The 2010-era design choices that web components enshrined hinder a lot of optimizations that modern frameworks are doing.

There are reasons why almost none of the modern frameworks use web components as the foundation. Including those who originally used their design or whose authors were bullish on them (Vue, Svelte, Solid).

IIRC even Angular beats Lit in benchmarks now.


I mostly agree but Web Components is a web standards as is templates/custom elements now.

The others like React/Vue/Svelte etc are all going more for platform/framework lock-in over making sure people are doing augmentation of standards.

Those frameworks have incentive to lock you in while standards are lock-in at a lower level.

Other standards I like playing with direct like html/css/canvas/WebGL/storage/svg/video/audio/geo/etc and ones that are newer are WebRTC/WebGL/WebGPU/WebAssembly etc. All of these are and will be abstracted by some frameworks and people will know less about them and more about the platforms on top if they aren't regularly going direct. I think people that know about the standards more low level make for better framework developers an developers that use frameworks even.

I like platforms that make web standards the core aim not the platform lock in.

Lit is just a lighter weight version of that and closer to web standards without having it bolted on to a larger, almost monolithic framework now.

Lit is somewhat Angular like since Google make both.


> I mostly agree but Web Components is a web standards as is templates/custom elements now.

People keep repeating this mantra as if this alone makes web components good

> Those frameworks have incentive to lock you in while standards are lock-in at a lower level.

Or: these frameworks have the incentive to solve problems that web standards have been unwilling to solve for decades, and won't solve for another few decades.

> I like platforms that make web standards the core aim not the platform lock in.

Then you should use literally anything else but web components. Because web components don't make standards their core, are broken on multiple levels, and will require 20 more new standards to fix things that are not broken in literally anything else: https://threadreaderapp.com/thread/1717580502280867847

> Lit is just a lighter weight version of that and closer to web standards

The only thing that is standard in Lit is that it compiles to web components by default.


I mostly agree but Web Components is a web standards as is templates/custom elements now. Web Components are a standard.

You did ask. heh.

As I mentioned, I prefer direct standards or at least frameworks that make standards a main part of the design, even if only on output.

Standards are slower to finalize, frameworks front ran them via abstractions that may have been needed for a while --like Flash with interactivity before HTML5/canvas/svg/WebGL/etc and I was huge into Flash and plugins, those days are over though. Standards will be around longer and more maintainable on standard schedules not just feature/dependency pump frameworks of today that have verbloat.

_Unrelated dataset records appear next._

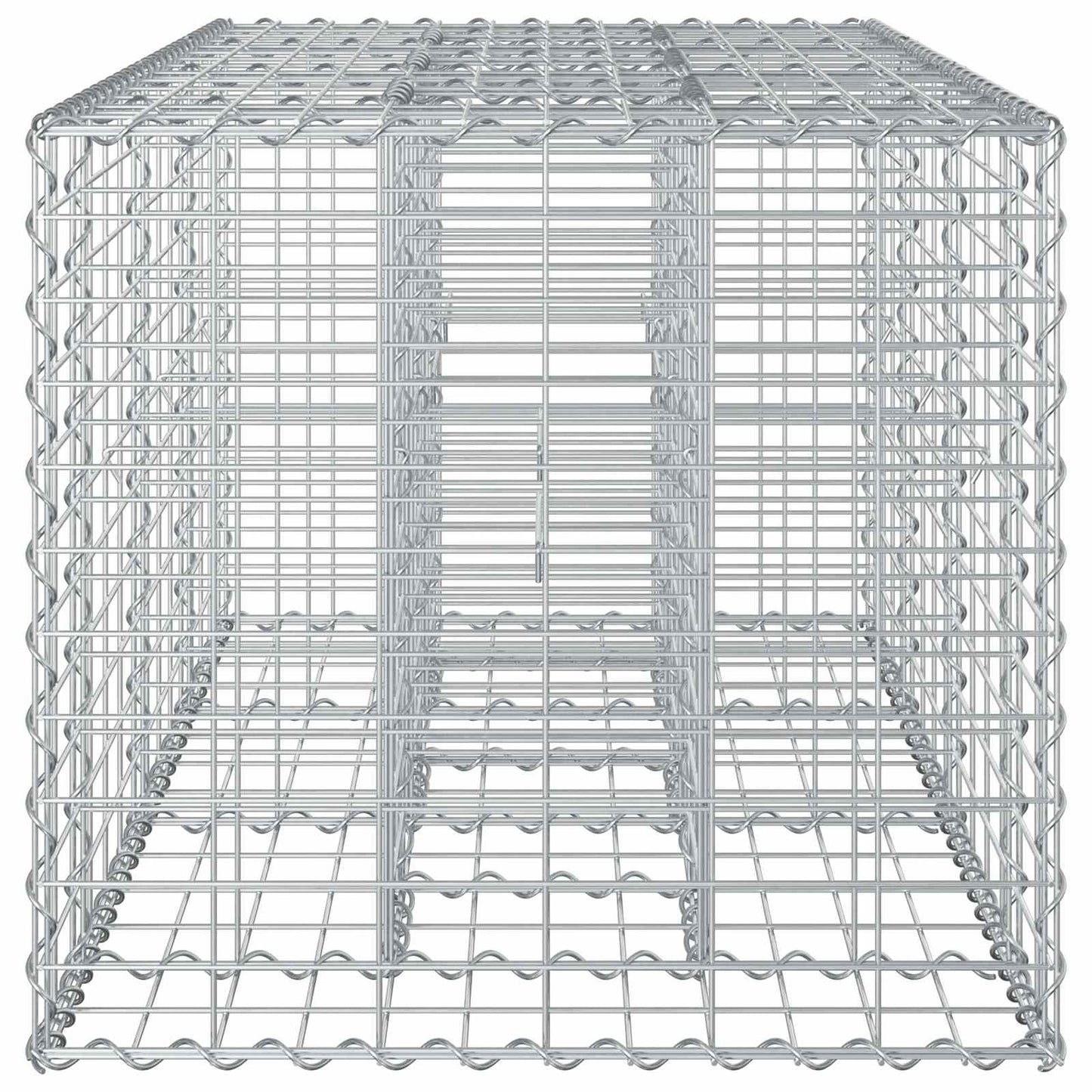 Gabion Verhoogd Bed Zilver 140 x 60 x 55 cm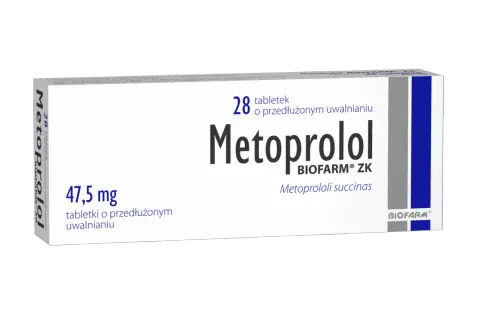 Opakowanie leku Metocard zawierające 28 tabletek o przedłużonym uwalnianiu, dawka 47,5 mg.
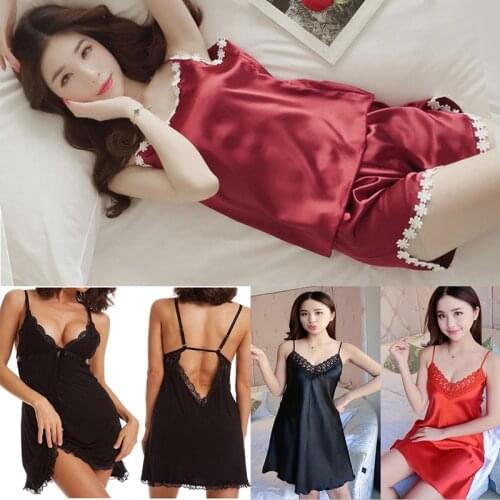 Lace Robe Sleep Suit Womens Lace Satin Pajamas Gown Set V-Neck Nighties Wear Pijama Home Nightwear Summer Autumn Nightdress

Plugins and now frameworks innovate and front run, and influence standards, then standards win the long game every single time. Like why use virtual DOM when shadowdom is now available, unnecessary abstraction now that will always lose to native dom abstractions like shadowdom.

Right now with web standards where they are at, Javascript how far it has come, and the coming WebAssembly + WebGPU platforms now being ready or close to ready, the current frameworks are about to be lapped. It is just the way things go and the typical waves in innovation to standards and repeat.

About Lit, I mentioned it as I said in another comment "if you like the component style of other frameworks but want to use Web Components, Google Lit is quite nice"

We can agree to disagree on the rest.